We like easy things first, so let's start with the first item: adding an element to a list. We have seen the head function before that chops of the head of the list and returns it. But we can also do the reverse: take a list and give it a new head. The old head then becomes the head of the tail (are you still following?). In Haskell, we can do this using the (:) function:

Prelude> 2 : [3,4,5]

Ain't that great? We can also add a head, and yet another:

Prelude> 1 : 2 : [3,4,5]

What if we do not have an element yet? Add the head to the empty list ([]):

Prelude> "Hi" : []

With that covered, the next thing we need to be able to do is checking whether some element belongs to a list. We can do this using the elem function. It takes an element as its first argument, and a list as its second. It will return a Bool of the value True if the element was in the list, or False otherwise. For example:

Prelude> elem 2 [1,2,3,4,5]
Prelude> elem 6 [1,2,3,4,5]

The function notElem is exactly the inverse of elem, and returns True if an element is not in the list, and False otherwise:

Prelude> notElem "foo" ["foo","bar","baz"]
Prelude> notElem "pony" ["foo","bar","baz"]

Ok, so we want to add an element to a list if, but only if, it is true that it is not yet a member of that list. Or in other words, the addition is conditional. Haskell provides a set of keywords to model conditionals, if..then..else. The structure is like this:

if expr then a else b 

This whole structure itself is an expression. This expression evaluates to a if expr evaluates to True or to b if expr evaluates to False. To give a working, but useless example:

Prelude> if 1 == 2 then "cuckoo" else "egg"
Prelude> if 1 == 1 then "cuckoo" else "egg"

This looks exactly like what we need. Just fill in the blanks:

Prelude> if elem "foo" ["foo","bar","baz"] then ["foo","bar","baz"]
  else "foo" : ["foo", "bar", "baz"]
Prelude> if elem "pony" ["foo","bar","baz"] then ["foo","bar","baz"]
  else "pony" : ["foo", "bar", "baz"]

That's a bit contrived, but (as you hopefully see) not if we rewrite it to a function:

Prelude> let elemOrAdd e l = if elem e l then l else e:l
Prelude> elemOrAdd "foo" ["foo", "bar", "baz"]
Prelude> elemOrAdd "pony" ["foo", "bar", "baz"]

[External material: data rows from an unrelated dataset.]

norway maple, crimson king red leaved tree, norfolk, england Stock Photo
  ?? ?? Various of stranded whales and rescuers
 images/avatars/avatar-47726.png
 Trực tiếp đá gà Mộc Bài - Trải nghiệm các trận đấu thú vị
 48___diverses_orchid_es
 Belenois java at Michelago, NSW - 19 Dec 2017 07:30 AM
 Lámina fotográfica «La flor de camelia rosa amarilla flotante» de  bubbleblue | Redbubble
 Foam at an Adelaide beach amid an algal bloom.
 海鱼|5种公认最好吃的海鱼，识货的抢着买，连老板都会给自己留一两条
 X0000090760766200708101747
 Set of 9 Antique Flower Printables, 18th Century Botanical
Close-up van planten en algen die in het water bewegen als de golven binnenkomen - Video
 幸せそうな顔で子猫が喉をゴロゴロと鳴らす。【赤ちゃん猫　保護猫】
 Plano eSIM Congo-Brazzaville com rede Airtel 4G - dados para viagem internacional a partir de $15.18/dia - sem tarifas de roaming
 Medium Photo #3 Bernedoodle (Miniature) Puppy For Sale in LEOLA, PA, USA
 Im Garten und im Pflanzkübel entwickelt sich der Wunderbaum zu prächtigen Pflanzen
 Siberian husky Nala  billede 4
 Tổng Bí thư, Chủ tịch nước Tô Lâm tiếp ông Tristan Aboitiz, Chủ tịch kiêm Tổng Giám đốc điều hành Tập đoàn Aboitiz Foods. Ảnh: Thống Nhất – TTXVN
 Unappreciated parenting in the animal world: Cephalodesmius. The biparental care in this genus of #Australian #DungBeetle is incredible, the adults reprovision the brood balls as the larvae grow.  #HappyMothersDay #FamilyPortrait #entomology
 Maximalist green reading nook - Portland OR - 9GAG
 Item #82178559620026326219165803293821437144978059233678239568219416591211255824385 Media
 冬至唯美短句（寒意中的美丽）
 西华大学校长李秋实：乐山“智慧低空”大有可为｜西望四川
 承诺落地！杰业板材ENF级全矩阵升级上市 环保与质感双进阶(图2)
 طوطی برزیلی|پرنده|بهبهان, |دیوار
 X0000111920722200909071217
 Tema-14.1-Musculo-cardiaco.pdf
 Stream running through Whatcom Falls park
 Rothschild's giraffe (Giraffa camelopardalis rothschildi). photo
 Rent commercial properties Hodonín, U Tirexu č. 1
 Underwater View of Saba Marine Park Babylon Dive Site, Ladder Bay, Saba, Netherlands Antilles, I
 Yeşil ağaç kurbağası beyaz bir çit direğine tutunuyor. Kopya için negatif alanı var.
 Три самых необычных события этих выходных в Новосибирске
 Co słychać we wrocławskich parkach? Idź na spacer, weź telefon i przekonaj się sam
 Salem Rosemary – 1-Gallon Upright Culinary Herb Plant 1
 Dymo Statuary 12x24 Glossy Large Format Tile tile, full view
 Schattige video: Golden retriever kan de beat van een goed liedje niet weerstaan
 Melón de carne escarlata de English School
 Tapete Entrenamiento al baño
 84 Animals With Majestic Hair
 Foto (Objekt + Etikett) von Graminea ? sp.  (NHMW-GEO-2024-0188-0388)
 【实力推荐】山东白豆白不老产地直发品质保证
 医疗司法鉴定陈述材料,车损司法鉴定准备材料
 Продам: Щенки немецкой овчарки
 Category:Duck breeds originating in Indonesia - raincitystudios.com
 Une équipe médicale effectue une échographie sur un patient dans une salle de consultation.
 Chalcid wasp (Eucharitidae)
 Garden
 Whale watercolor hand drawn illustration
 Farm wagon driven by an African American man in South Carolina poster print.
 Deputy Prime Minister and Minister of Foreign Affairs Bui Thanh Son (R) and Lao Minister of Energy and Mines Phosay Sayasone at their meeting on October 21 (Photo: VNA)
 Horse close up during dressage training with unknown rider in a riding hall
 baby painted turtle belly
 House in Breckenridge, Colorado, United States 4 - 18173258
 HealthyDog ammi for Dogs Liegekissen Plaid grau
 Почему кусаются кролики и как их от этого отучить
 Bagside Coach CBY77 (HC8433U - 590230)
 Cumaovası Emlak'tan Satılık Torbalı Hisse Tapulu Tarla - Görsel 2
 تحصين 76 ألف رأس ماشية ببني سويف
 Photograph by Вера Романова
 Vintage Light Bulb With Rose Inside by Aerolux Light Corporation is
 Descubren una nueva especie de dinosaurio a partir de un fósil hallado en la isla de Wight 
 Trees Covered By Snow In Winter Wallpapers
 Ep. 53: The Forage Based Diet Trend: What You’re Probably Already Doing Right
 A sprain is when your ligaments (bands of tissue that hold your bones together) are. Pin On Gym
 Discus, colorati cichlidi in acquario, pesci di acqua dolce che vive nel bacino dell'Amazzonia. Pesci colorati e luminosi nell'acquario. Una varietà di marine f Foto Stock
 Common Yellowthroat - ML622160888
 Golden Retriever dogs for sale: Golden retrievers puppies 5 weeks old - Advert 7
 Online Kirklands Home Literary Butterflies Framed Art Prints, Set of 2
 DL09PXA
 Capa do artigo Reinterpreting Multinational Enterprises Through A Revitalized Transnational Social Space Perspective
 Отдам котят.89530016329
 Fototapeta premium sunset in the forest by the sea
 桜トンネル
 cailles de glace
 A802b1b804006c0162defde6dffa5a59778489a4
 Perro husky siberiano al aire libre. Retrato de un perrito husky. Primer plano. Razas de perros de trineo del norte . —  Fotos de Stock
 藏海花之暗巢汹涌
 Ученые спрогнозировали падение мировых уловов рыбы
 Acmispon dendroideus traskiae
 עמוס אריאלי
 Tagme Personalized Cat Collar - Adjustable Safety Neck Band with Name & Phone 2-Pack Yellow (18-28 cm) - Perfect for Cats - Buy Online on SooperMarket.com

Good, now we need to apply this to all words in a text, starting with an empty list. Haskell provides a function to do this, but brace yourself, the first time it may look a bit 'difficult'. It is named foldl (a so-called) left fold. A left fold traverses a list from head to tail, applying a function to each element, just like map. However, the difference is that it can, but does not necessarily return a list. As such, it is a generalization of the map function. As usual, you can inspect the type signature to see the arguments of foldl:

Prelude> :type foldl
foldl :: (a -> b -> a) -> a -> [b] -> a

Now consider this example using foldl:

Prelude> foldl (+) 0 [1,2,3,4,5]

Stepwise, this fold is executed in the following manner:

foldl (+) 0 [1,2,3,4,5]
foldl (+) ((0)+1) [2,3,4,5]
foldl (+) (((0)+1)+2) [3,4,5]
foldl (+) ((((0)+1)+2)+3) [4,5]
foldl (+) (((((0)+1)+2)+3)+4) [5]
foldl (+) ((((((0)+1)+2)+3)+4)+5)) []

So, it works by applying a function to some initial argument (0 in this case) as its first argument, and the first element of the list as its second argument. When processing the second element of the list, this expression is then the first argument of the function, and the second element is the second argument, etc. The first argument of the function that is applied is also called the accumulator, since it accumulates results up till that point.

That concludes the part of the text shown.